● Your goal: Leaving out every picture, copy the lines of the material below exactly, from the line containing "Photo of a metal" through the line containing "This bedroom features".

● Task input:
|---|
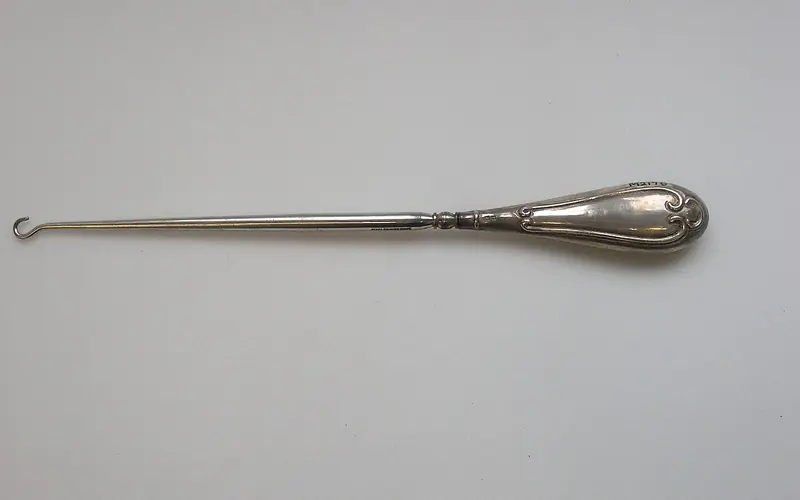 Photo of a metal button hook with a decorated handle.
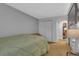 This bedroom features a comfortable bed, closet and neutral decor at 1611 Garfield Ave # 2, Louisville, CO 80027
|---|
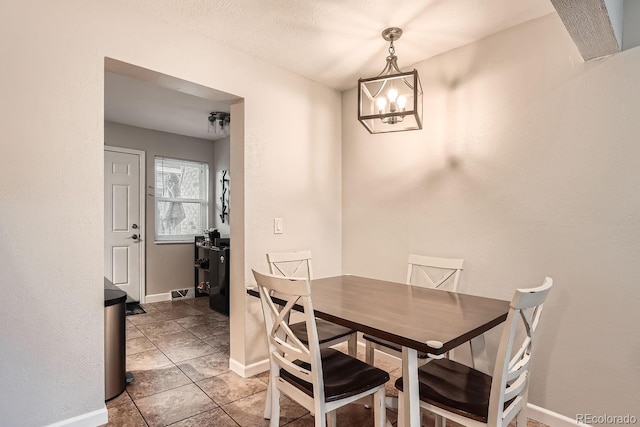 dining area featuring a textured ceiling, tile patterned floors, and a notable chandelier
|---|
● Result for this exercise:
 Photo of a metal button hook with a decorated handle.
 This bedroom features a comfortable bed, closet and neutral decor at 1611 Garfield Ave # 2, Louisville, CO 80027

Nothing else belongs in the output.